■ **Aim of the exercise**
Each line below from the one containing "THE BEAUTIFUL WORLD Of FLOWERS" through the one containing "K-POP IDOL Coloring" should be output exactly as it stands, and no other line should appear.

■ **Supplied material**
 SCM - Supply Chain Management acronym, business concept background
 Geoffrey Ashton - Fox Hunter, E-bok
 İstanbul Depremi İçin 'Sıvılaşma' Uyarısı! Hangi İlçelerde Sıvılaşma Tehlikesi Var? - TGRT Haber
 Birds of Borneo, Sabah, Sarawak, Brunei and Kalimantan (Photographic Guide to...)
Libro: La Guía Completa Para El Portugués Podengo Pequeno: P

--

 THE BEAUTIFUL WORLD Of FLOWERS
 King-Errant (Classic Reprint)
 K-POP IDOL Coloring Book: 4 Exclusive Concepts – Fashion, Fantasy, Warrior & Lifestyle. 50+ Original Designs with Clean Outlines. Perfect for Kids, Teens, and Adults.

■ **Response area**
 THE BEAUTIFUL WORLD Of FLOWERS
 King-Errant (Classic Reprint)
 K-POP IDOL Coloring Book: 4 Exclusive Concepts – Fashion, Fantasy, Warrior & Lifestyle. 50+ Original Designs with Clean Outlines. Perfect for Kids, Teens, and Adults.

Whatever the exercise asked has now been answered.